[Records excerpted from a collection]
────────────────
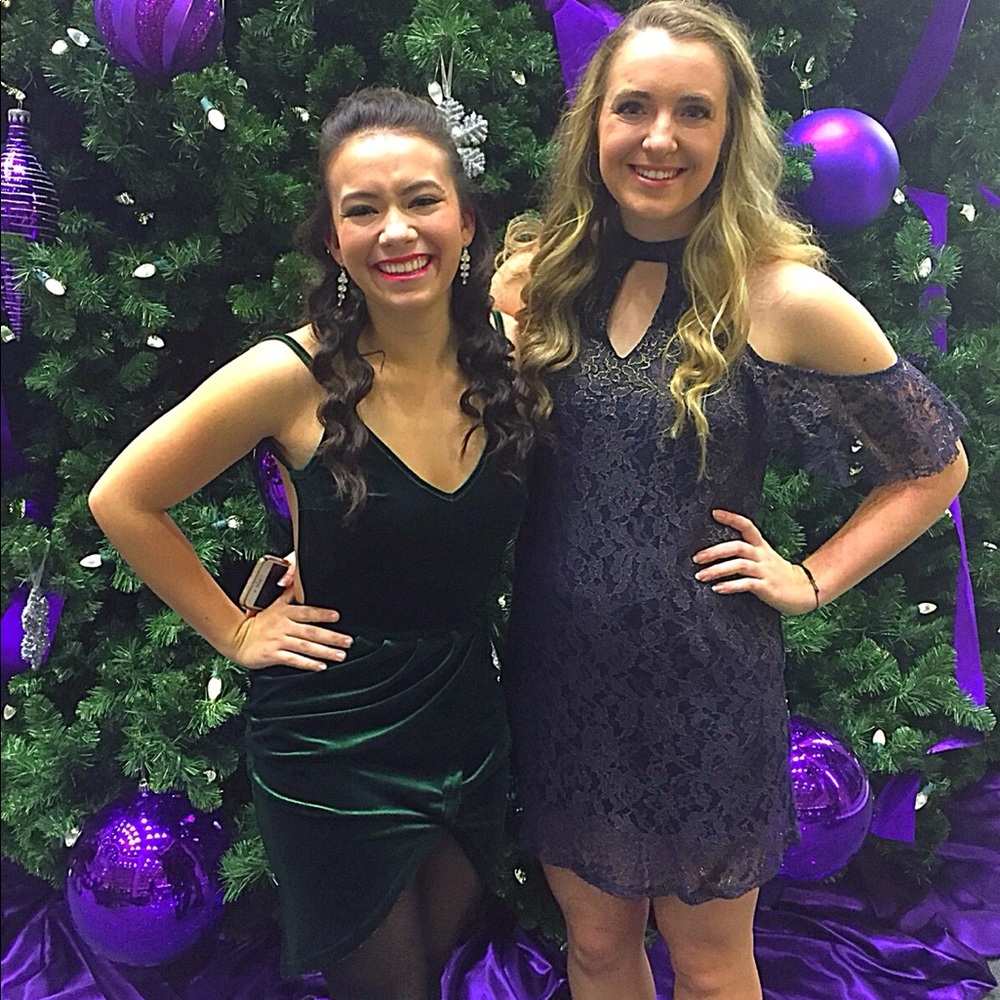 Dark Green Backless Velvet Dress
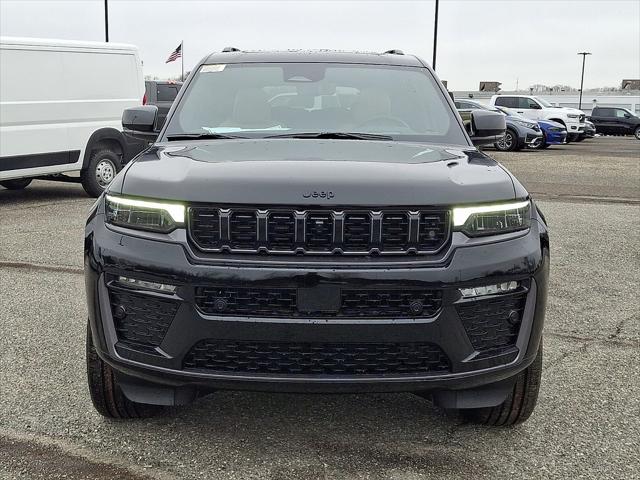 2026 Jeep Grand Cherokee GRAND CHEROKEE L SUMMIT 4X4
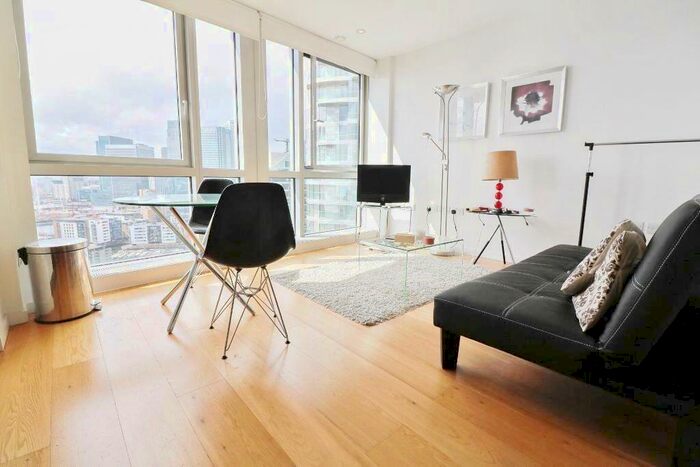 Studio To Rent In Ontario Tower, Fairmont Avenue, Canary Wharf, London, E14
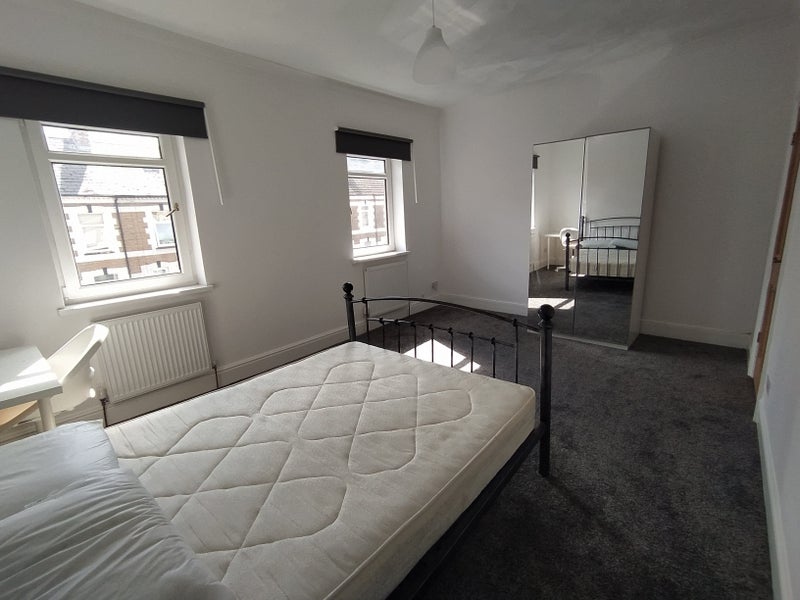 Photo 1: Bedroom 4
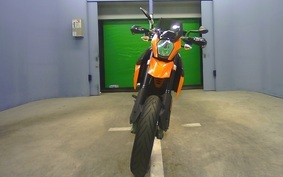 KTM 990 SUPERMOTO 2008 VS940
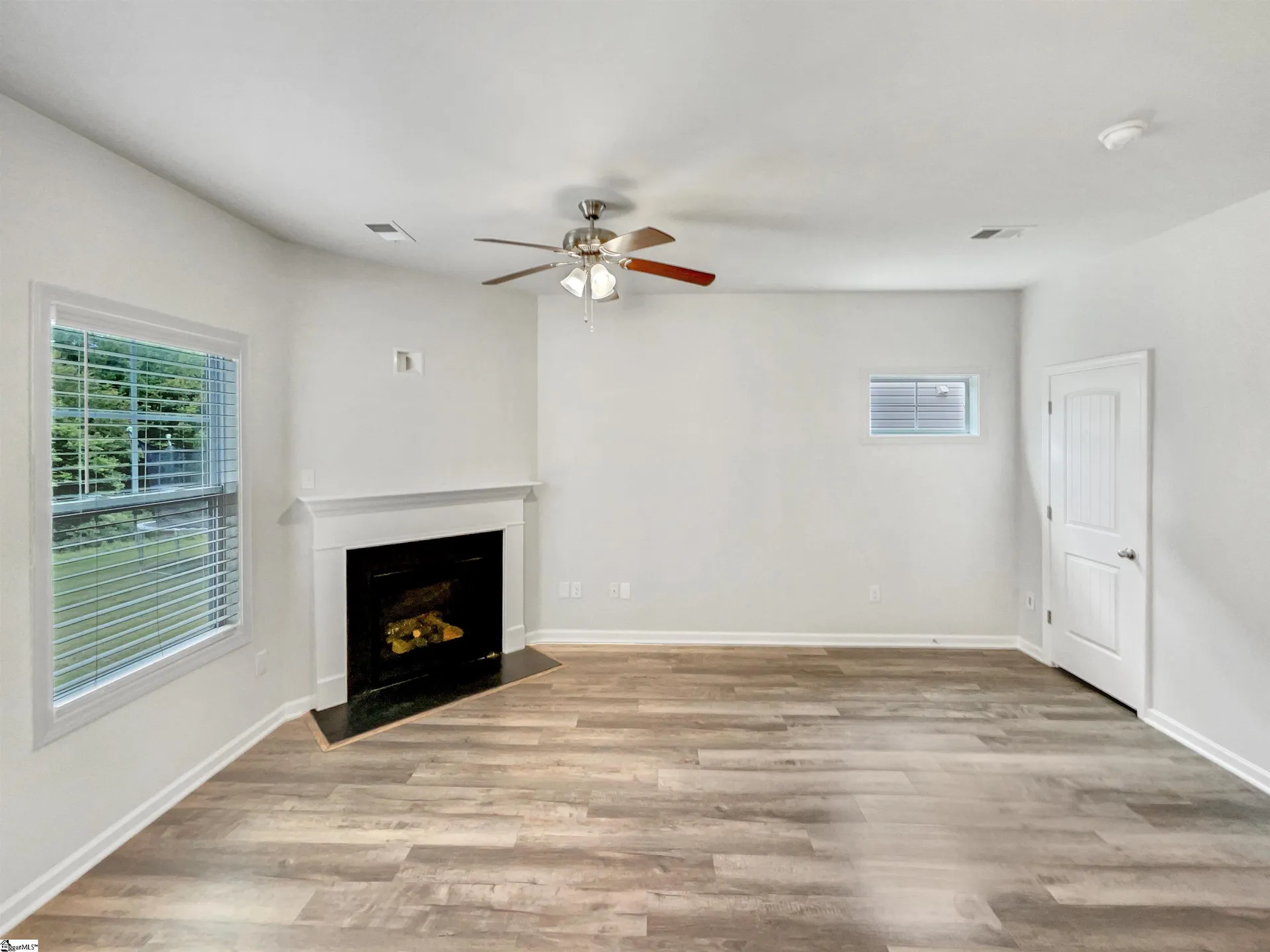 Property image 3 at 163 Highland Park Court, Easley, SC 29642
────────────────
-- Brief --
Line for line, restate the data above and omit every picture.

-- Response below --
 Dark Green Backless Velvet Dress
 2026 Jeep Grand Cherokee GRAND CHEROKEE L SUMMIT 4X4
 Studio To Rent In Ontario Tower, Fairmont Avenue, Canary Wharf, London, E14
 Photo 1: Bedroom 4
 KTM 990 SUPERMOTO 2008 VS940
 Property image 3 at 163 Highland Park Court, Easley, SC 29642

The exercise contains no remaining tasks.